=== Work to complete ===
This exercise asks for the entries to be repeated exactly, without their images.

.....

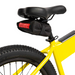 Image of black fabric saddlebag with red reflective strip securely mounted under the seat of a yellow bicycle, close-up rear side view on a white background.
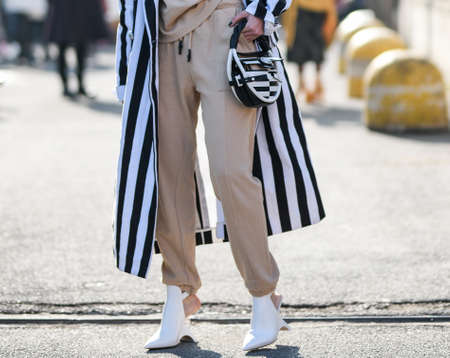 Milan, Italy - February 19, 2020: Street style outfit - streetstylefw20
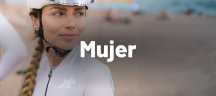 Mujer con ropa de ciclismo assos rosa suave y de fondo una playa poco nítida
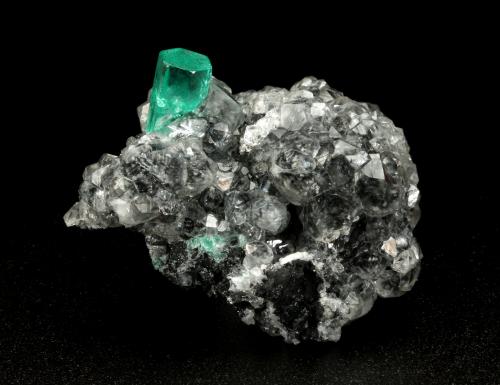 Beryl (variety emerald), Calcite<br />La Pita mining district, Municipio Maripí, Western Emerald Belt, Boyacá Department, Colombia<br />27x34x10mm, xl=10x4.5mm<br /> (Author: Fiebre Verde)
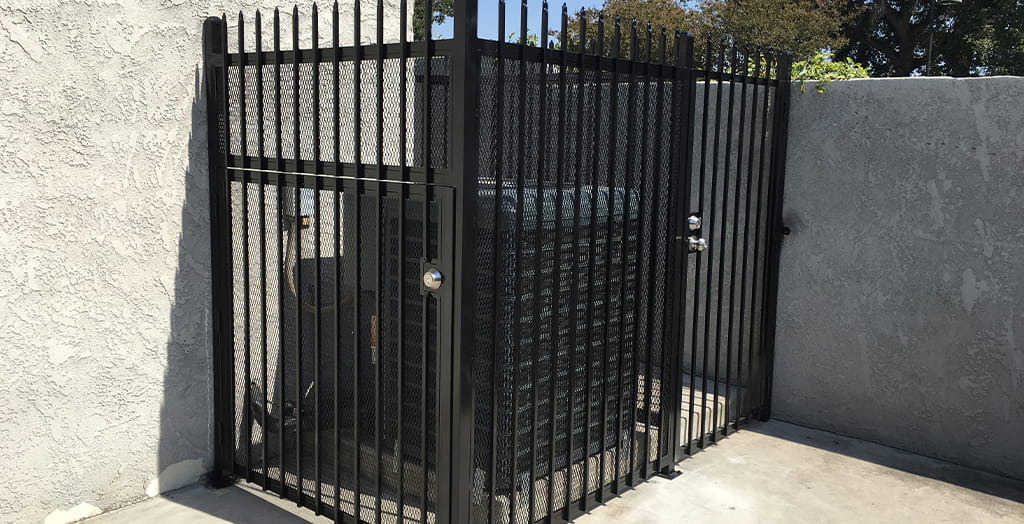Commercial steel security gate fabricated for controlled access and durability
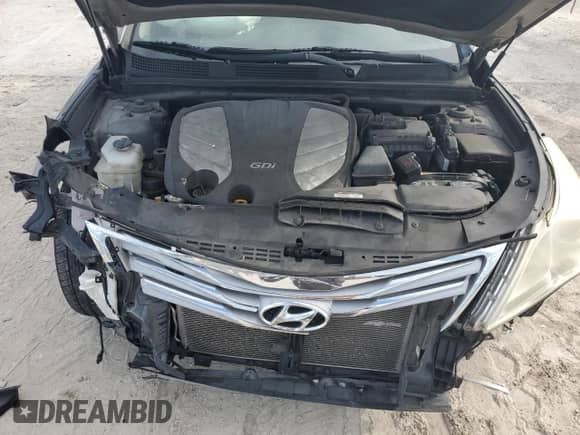 2012 Hyundai Azera z VIN KMHFH4JG1CA194151, wystawiony jako Copart lot #72110094 z przebiegiem 98 178 mil mil oraz Szkoda całkowita • Salvage title. Historia ofert i sprzedaży dostępna na DreamBid. Obrazek 12.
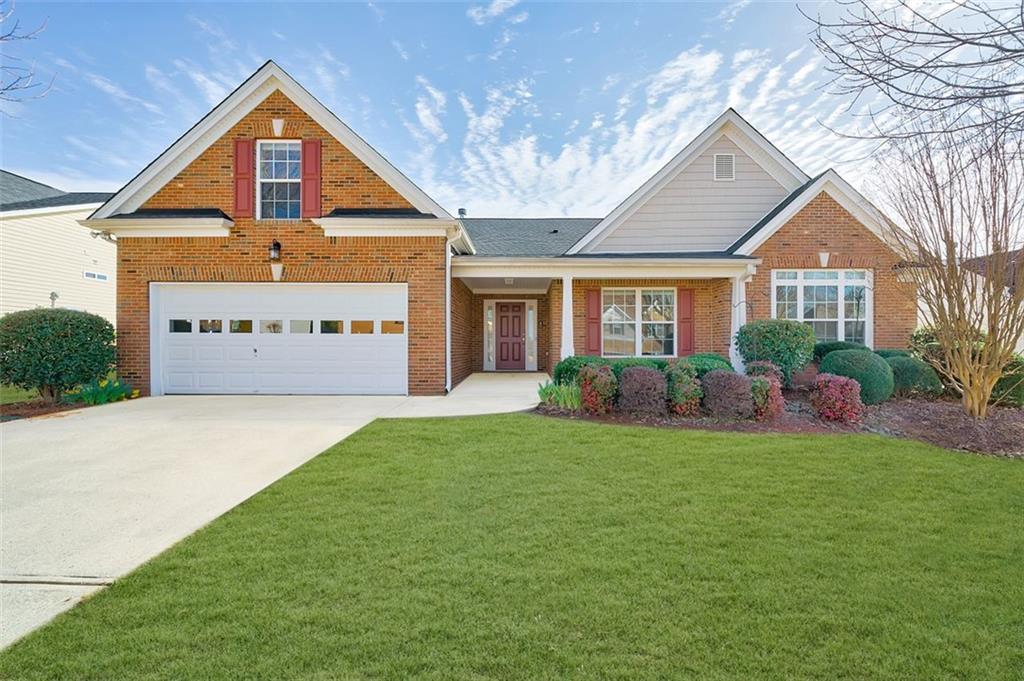 2573 Carleton Gold Road Dacula, GA 30019 - Photo 1 of 1 Brick front with covered front porch Grass edited green.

.....

=== Result below ===
 Image of black fabric saddlebag with red reflective strip securely mounted under the seat of a yellow bicycle, close-up rear side view on a white background.
 Milan, Italy - February 19, 2020: Street style outfit - streetstylefw20
 Mujer con ropa de ciclismo assos rosa suave y de fondo una playa poco nítida
 Beryl (variety emerald), Calcite<br />La Pita mining district, Municipio Maripí, Western Emerald Belt, Boyacá Department, Colombia<br />27x34x10mm, xl=10x4.5mm<br /> (Author: Fiebre Verde)
Commercial steel security gate fabricated for controlled access and durability
 2012 Hyundai Azera z VIN KMHFH4JG1CA194151, wystawiony jako Copart lot #72110094 z przebiegiem 98 178 mil mil oraz Szkoda całkowita • Salvage title. Historia ofert i sprzedaży dostępna na DreamBid. Obrazek 12.
 2573 Carleton Gold Road Dacula, GA 30019 - Photo 1 of 1 Brick front with covered front porch Grass edited green.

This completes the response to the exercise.